Namboole gesture welcome but...

Thursday June 21 2012

By Andrew Mwanguhya

Happy day people, or rather Happy Science if you are a science student/follower. But despair not if you are an arts student. This has nothing to do with chemicals or atomic energy.This Happy Science, greeting-like as it may sound, is a Japanese religion founded on October 6, 1986 by Ryuho Okawa.

Their basic teachings are “Exploration of the Right Mind” and the “Principles of Happiness”, with Uganda their latest catch among several others across the world. And the organisation is not short of dollars, call them Japanese Yens or Ugandan shillings. No wonder the Namboole management could not turn down the revenues when they flashed the millions for stadium hire at them.

Apparently, Happy Science will tomorrow explore the right of mind and teach principles of happiness to some Ugandans – at some fee dependent on where you will sit - on the same turf Cranes played Senegal and Congo Brazzaville recently. This at the expense of the National Athletics Championships the same day where some runners will hope to qualify for the London Olympics due next month.

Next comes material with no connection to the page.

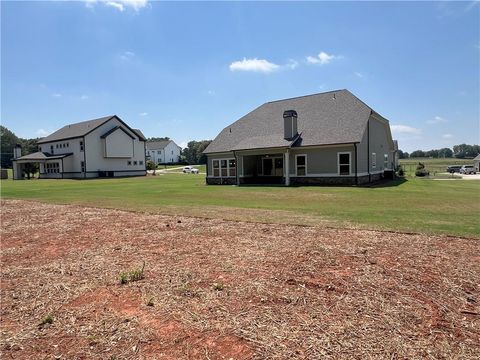 A home in Hoschton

The local athletics body had already booked the facility, whose main purpose is to host and aid sports development in the country. Employing their business nous, Namboole disregarded the National Championships to stack in the Japanese millions.

Although Happy Science were reportedly ‘forced’ to change their dates because of Cranes engagements, Namboole management knew their action - which was purely business - would attract public ire. Namboole will be solely blamed that a national sporting activity is being relegated to Makerere mainground.

The Makerere track is disappointingly bumpy and even the best athletes will require divine intervention to post good times. Yet the National Championship is the last chance for local-based athletes to qualify for the London Olympics that kick off July 27. Credit to the stadium management though for their humility.

That they have in a form of compensation offered to take care of five athletes’ air tickets of the 12 traveling to the Africa Senior Athletics Championships in Benin next week is a welcome gesture. Not so many other companies would have made it if trapped in such a situation. But why give tickets to athletes who were already on the list to be catered for by the federation? Increasing the team to 17 would have made some sense... and perhaps added to the Happy Science.